Pictures aside, restate the records below exactly as written.

Items listed in a dataset
Content starts
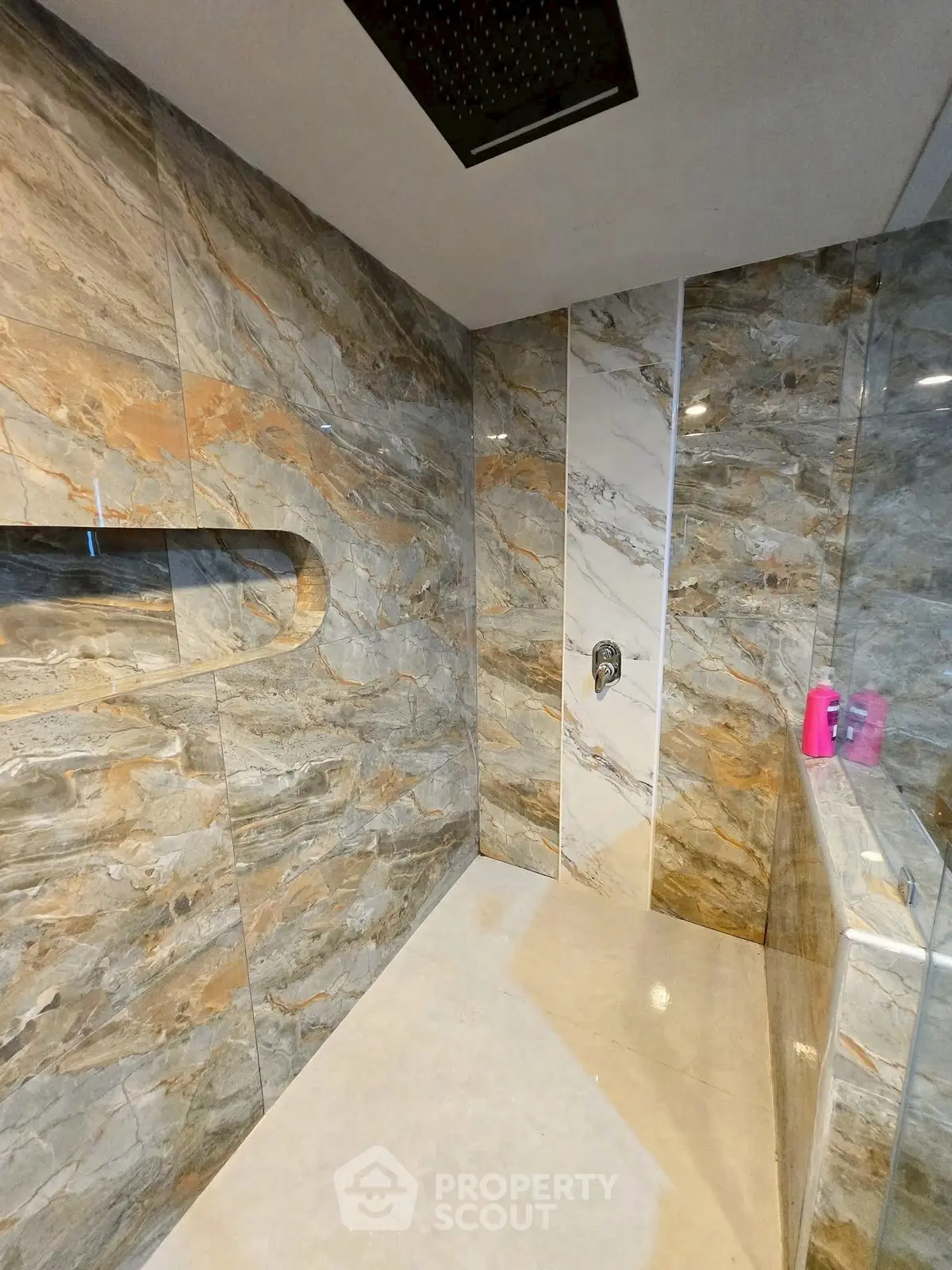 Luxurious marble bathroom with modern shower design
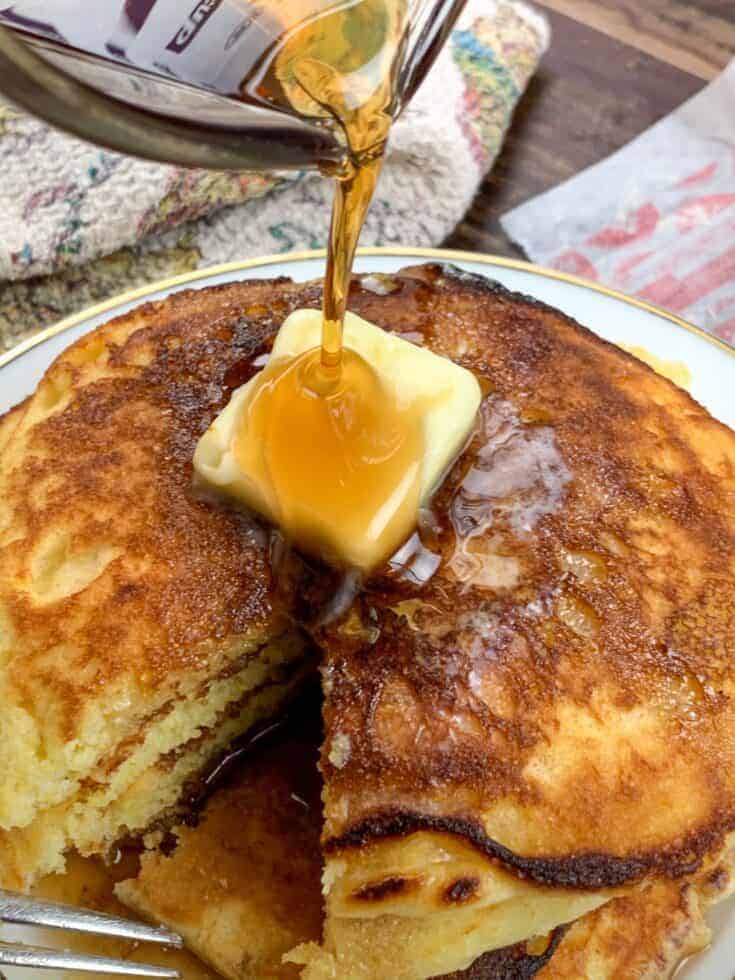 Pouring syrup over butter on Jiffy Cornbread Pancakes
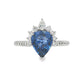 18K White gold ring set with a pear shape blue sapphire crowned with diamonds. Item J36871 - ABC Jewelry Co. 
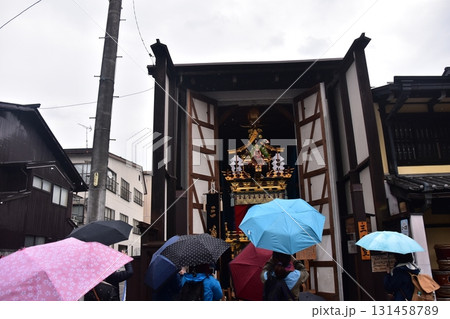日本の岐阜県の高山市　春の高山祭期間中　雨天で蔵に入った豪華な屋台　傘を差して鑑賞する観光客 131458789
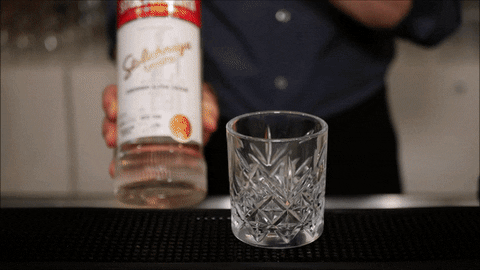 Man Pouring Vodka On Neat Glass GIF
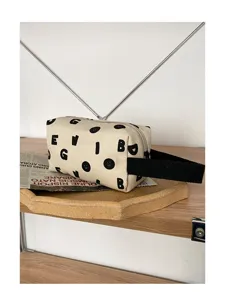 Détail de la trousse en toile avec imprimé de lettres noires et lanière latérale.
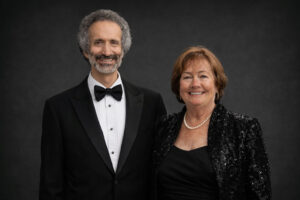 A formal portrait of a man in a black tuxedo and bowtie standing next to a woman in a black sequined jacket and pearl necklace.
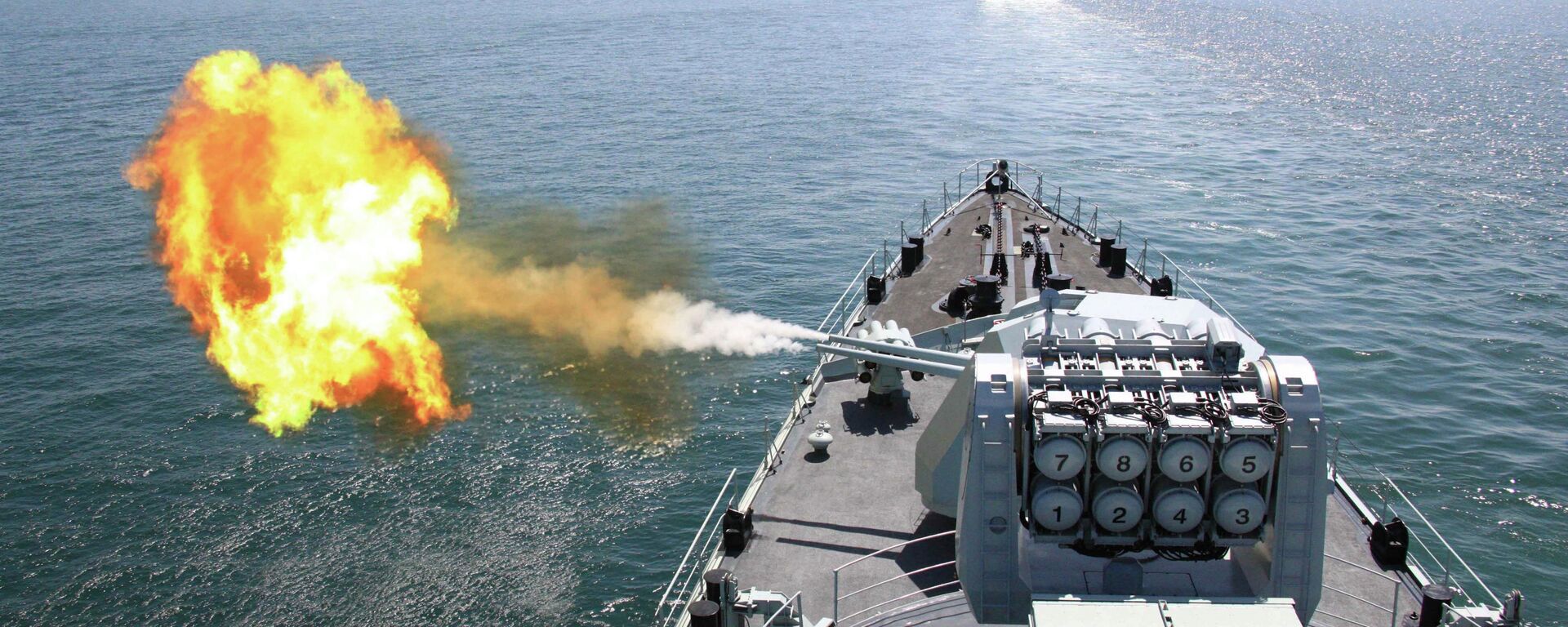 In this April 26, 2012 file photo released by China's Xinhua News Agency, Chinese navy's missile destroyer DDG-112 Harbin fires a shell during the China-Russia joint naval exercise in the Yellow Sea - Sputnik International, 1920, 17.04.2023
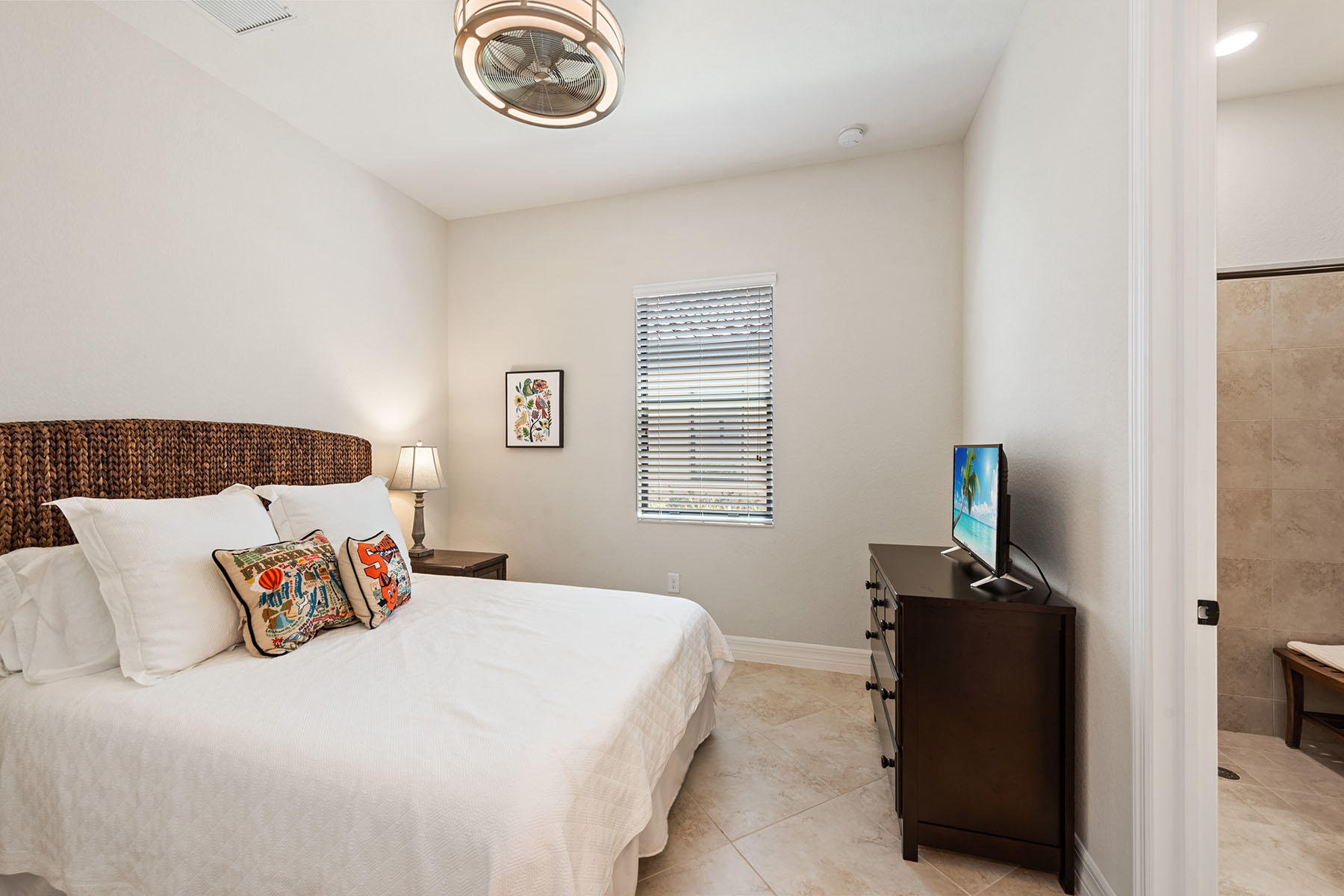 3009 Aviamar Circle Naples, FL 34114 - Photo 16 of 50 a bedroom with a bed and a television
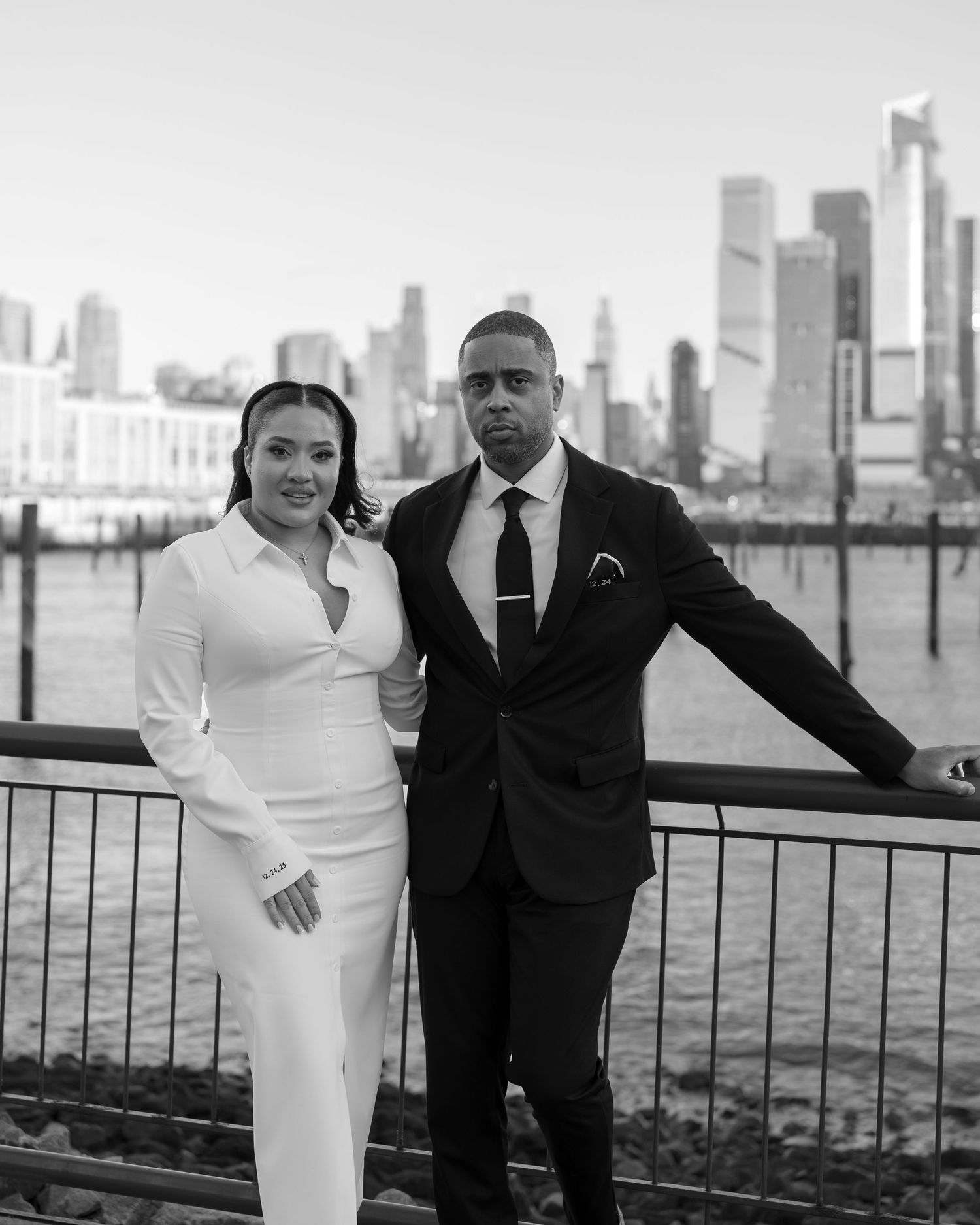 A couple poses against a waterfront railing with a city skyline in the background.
Content ends
# RESPONSE TO THIS EXERCISE
 Luxurious marble bathroom with modern shower design
 Pouring syrup over butter on Jiffy Cornbread Pancakes
 18K White gold ring set with a pear shape blue sapphire crowned with diamonds. Item J36871 - ABC Jewelry Co. 
日本の岐阜県の高山市　春の高山祭期間中　雨天で蔵に入った豪華な屋台　傘を差して鑑賞する観光客 131458789
 Man Pouring Vodka On Neat Glass GIF
 Détail de la trousse en toile avec imprimé de lettres noires et lanière latérale.
 A formal portrait of a man in a black tuxedo and bowtie standing next to a woman in a black sequined jacket and pearl necklace.
 In this April 26, 2012 file photo released by China's Xinhua News Agency, Chinese navy's missile destroyer DDG-112 Harbin fires a shell during the China-Russia joint naval exercise in the Yellow Sea - Sputnik International, 1920, 17.04.2023
 3009 Aviamar Circle Naples, FL 34114 - Photo 16 of 50 a bedroom with a bed and a television
 A couple poses against a waterfront railing with a city skyline in the background.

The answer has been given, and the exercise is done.